▶ _EXERCISE REQUIREMENTS_:
A line below contains "Prime Slugger Bundle", and a later one contains "Беспроводные наушники JBL". Repeat both, with every line between them, exactly.
···
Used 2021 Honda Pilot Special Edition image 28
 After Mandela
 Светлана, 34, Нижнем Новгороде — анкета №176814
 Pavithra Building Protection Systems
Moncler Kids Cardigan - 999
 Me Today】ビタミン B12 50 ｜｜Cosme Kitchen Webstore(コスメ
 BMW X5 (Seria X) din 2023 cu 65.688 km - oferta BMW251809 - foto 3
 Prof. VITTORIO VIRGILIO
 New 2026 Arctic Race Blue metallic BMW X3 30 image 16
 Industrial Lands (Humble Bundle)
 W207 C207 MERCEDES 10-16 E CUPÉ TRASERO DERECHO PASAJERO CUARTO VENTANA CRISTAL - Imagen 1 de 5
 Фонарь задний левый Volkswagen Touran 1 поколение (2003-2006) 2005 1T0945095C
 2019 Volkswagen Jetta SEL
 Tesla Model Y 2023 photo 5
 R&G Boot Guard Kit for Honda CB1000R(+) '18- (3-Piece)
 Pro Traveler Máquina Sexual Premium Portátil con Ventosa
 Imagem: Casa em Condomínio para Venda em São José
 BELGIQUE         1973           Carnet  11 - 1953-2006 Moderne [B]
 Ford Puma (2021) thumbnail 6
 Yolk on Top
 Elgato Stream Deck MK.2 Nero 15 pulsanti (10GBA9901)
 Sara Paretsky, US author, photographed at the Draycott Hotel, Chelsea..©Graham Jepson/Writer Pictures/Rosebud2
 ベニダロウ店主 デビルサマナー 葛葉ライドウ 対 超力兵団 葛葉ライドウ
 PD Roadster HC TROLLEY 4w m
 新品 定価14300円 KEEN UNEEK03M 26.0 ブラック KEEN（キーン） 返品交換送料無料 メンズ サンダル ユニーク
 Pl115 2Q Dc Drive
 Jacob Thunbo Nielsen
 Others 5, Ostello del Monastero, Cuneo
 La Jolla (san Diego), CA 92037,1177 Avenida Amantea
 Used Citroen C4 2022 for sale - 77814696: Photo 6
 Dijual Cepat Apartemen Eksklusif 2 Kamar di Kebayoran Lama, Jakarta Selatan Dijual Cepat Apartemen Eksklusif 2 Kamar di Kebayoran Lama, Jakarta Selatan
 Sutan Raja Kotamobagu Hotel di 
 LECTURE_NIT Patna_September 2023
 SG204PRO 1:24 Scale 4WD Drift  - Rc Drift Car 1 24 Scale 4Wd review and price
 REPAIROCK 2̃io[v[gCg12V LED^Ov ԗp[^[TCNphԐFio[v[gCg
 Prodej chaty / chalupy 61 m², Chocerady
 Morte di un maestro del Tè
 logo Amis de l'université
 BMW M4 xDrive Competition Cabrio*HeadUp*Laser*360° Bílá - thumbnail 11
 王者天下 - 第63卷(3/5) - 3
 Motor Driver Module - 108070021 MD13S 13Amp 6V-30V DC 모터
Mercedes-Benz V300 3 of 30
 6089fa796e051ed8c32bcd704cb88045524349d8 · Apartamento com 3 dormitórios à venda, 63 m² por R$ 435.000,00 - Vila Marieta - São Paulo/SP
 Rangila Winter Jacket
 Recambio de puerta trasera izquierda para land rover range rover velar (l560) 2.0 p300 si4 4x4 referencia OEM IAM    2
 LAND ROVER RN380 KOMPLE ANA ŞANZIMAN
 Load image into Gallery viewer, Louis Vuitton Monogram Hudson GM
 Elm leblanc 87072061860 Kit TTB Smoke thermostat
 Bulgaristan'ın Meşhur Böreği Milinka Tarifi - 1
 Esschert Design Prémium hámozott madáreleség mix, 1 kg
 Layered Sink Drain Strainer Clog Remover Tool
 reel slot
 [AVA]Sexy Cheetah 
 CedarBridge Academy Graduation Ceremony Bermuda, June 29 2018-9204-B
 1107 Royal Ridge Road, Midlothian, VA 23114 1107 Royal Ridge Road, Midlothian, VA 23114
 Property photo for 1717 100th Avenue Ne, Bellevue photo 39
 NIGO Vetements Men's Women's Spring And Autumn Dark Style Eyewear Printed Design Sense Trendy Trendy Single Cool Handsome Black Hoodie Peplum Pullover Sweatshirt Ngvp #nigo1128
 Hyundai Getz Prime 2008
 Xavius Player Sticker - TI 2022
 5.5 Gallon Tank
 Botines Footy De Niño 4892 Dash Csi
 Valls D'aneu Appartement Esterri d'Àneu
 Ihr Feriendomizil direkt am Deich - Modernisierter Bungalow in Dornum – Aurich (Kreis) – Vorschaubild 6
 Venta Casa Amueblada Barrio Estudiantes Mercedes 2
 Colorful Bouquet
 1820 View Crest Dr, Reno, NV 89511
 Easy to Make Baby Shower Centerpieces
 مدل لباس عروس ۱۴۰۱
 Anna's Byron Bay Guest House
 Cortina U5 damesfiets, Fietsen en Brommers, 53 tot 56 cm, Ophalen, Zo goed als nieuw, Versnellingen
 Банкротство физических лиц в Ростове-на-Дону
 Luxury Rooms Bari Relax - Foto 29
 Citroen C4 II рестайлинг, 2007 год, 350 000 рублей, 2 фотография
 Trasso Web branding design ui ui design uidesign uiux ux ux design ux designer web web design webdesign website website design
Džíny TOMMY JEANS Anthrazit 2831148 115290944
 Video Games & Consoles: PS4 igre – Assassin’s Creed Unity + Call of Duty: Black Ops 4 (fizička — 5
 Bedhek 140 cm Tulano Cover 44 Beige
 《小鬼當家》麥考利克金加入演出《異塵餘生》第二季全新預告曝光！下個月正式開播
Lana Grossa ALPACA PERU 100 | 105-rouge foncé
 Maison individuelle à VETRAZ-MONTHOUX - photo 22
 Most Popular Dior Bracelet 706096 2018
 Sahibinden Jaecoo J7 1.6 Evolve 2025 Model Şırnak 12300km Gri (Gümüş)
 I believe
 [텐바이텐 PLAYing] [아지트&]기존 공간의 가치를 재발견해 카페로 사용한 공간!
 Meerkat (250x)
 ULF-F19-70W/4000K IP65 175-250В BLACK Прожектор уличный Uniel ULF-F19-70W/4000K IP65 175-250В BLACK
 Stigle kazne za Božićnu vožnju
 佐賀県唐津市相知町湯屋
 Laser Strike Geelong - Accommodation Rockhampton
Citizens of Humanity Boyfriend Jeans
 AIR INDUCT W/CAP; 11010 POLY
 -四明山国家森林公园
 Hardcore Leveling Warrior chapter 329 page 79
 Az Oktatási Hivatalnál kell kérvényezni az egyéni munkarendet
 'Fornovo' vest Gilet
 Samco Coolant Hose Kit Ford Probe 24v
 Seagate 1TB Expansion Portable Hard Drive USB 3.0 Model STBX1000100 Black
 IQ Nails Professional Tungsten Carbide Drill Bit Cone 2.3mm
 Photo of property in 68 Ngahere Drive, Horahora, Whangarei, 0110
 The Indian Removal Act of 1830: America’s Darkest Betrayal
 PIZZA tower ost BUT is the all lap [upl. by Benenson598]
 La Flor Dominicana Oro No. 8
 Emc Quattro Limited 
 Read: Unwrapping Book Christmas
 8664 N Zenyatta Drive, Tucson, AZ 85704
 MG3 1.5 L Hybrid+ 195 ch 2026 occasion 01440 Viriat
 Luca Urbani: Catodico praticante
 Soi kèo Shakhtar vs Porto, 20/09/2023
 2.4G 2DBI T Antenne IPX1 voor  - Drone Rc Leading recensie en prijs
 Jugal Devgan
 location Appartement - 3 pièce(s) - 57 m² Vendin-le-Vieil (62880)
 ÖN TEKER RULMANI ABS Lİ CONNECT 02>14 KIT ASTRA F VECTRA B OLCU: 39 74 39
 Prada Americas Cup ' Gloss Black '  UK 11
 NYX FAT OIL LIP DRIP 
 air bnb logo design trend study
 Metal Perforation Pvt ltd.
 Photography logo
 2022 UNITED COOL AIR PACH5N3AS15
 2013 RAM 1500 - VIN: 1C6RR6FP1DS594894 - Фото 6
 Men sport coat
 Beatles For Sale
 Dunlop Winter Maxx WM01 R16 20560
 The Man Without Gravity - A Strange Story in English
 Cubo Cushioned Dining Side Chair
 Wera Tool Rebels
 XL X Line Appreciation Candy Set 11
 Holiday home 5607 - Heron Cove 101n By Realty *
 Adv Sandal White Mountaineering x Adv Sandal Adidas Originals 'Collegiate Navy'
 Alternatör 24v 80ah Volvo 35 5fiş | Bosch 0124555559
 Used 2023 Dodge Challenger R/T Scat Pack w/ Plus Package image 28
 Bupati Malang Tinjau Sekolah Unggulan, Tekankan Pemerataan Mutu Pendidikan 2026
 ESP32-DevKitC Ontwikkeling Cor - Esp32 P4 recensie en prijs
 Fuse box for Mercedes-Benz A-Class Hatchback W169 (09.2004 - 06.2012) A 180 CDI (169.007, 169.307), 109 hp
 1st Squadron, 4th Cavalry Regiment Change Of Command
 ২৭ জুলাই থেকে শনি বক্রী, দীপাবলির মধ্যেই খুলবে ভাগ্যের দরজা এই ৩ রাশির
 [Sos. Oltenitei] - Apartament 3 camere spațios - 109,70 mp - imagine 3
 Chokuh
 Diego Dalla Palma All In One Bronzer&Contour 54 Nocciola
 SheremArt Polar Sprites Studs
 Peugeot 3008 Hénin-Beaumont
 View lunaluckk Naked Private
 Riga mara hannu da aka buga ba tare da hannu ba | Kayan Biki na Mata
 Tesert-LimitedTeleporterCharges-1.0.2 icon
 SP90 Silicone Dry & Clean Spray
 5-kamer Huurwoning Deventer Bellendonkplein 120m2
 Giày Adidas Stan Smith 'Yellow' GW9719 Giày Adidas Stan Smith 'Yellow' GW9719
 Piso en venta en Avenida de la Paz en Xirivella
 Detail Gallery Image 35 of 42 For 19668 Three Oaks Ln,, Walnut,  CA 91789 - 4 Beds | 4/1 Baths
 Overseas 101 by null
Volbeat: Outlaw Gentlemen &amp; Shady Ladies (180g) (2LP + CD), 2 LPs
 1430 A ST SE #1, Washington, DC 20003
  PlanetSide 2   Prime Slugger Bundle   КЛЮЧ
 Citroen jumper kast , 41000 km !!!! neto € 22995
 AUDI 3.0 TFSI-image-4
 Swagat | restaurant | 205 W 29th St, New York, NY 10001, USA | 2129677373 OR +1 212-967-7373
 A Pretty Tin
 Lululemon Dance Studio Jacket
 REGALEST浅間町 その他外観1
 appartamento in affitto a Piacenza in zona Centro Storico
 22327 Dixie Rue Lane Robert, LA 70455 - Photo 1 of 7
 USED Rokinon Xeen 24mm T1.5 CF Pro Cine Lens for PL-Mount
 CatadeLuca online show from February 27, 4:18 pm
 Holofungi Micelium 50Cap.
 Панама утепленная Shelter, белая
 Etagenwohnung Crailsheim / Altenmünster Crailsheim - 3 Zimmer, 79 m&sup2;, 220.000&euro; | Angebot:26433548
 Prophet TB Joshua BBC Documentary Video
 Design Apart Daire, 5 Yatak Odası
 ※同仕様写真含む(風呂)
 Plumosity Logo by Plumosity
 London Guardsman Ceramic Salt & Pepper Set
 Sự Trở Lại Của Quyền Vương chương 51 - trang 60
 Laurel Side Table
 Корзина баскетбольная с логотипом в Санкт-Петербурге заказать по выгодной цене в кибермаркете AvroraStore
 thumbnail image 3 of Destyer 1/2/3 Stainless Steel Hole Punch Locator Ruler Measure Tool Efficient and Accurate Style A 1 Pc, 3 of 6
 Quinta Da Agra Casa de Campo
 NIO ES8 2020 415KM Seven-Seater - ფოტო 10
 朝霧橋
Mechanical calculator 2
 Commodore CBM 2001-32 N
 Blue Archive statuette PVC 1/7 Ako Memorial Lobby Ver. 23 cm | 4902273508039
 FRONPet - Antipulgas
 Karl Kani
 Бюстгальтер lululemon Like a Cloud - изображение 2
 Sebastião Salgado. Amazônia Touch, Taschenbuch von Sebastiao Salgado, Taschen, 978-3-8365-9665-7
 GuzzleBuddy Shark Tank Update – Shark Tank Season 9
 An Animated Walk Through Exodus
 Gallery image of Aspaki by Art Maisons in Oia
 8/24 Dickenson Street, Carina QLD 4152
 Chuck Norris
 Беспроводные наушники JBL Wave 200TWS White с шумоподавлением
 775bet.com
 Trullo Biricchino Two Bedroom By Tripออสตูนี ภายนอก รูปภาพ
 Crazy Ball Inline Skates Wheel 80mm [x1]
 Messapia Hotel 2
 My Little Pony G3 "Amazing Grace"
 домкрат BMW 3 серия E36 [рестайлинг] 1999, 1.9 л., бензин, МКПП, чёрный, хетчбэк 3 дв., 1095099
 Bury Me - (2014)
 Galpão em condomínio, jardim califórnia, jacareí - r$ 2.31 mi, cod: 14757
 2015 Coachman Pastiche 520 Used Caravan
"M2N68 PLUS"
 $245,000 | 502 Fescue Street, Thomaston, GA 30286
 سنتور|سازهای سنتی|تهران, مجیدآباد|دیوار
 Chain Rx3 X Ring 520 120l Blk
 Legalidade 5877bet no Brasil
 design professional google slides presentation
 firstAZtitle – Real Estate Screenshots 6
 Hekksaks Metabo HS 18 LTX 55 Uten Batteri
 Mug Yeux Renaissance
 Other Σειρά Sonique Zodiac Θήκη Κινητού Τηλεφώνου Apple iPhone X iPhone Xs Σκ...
···
▶ _REPLY_:
  PlanetSide 2   Prime Slugger Bundle   КЛЮЧ
 Citroen jumper kast , 41000 km !!!! neto € 22995
 AUDI 3.0 TFSI-image-4
 Swagat | restaurant | 205 W 29th St, New York, NY 10001, USA | 2129677373 OR +1 212-967-7373
 A Pretty Tin
 Lululemon Dance Studio Jacket
 REGALEST浅間町 その他外観1
 appartamento in affitto a Piacenza in zona Centro Storico
 22327 Dixie Rue Lane Robert, LA 70455 - Photo 1 of 7
 USED Rokinon Xeen 24mm T1.5 CF Pro Cine Lens for PL-Mount
 CatadeLuca online show from February 27, 4:18 pm
 Holofungi Micelium 50Cap.
 Панама утепленная Shelter, белая
 Etagenwohnung Crailsheim / Altenmünster Crailsheim - 3 Zimmer, 79 m&sup2;, 220.000&euro; | Angebot:26433548
 Prophet TB Joshua BBC Documentary Video
 Design Apart Daire, 5 Yatak Odası
 ※同仕様写真含む(風呂)
 Plumosity Logo by Plumosity
 London Guardsman Ceramic Salt & Pepper Set
 Sự Trở Lại Của Quyền Vương chương 51 - trang 60
 Laurel Side Table
 Корзина баскетбольная с логотипом в Санкт-Петербурге заказать по выгодной цене в кибермаркете AvroraStore
 thumbnail image 3 of Destyer 1/2/3 Stainless Steel Hole Punch Locator Ruler Measure Tool Efficient and Accurate Style A 1 Pc, 3 of 6
 Quinta Da Agra Casa de Campo
 NIO ES8 2020 415KM Seven-Seater - ფოტო 10
 朝霧橋
Mechanical calculator 2
 Commodore CBM 2001-32 N
 Blue Archive statuette PVC 1/7 Ako Memorial Lobby Ver. 23 cm | 4902273508039
 FRONPet - Antipulgas
 Karl Kani
 Бюстгальтер lululemon Like a Cloud - изображение 2
 Sebastião Salgado. Amazônia Touch, Taschenbuch von Sebastiao Salgado, Taschen, 978-3-8365-9665-7
 GuzzleBuddy Shark Tank Update – Shark Tank Season 9
 An Animated Walk Through Exodus
 Gallery image of Aspaki by Art Maisons in Oia
 8/24 Dickenson Street, Carina QLD 4152
 Chuck Norris
 Беспроводные наушники JBL Wave 200TWS White с шумоподавлением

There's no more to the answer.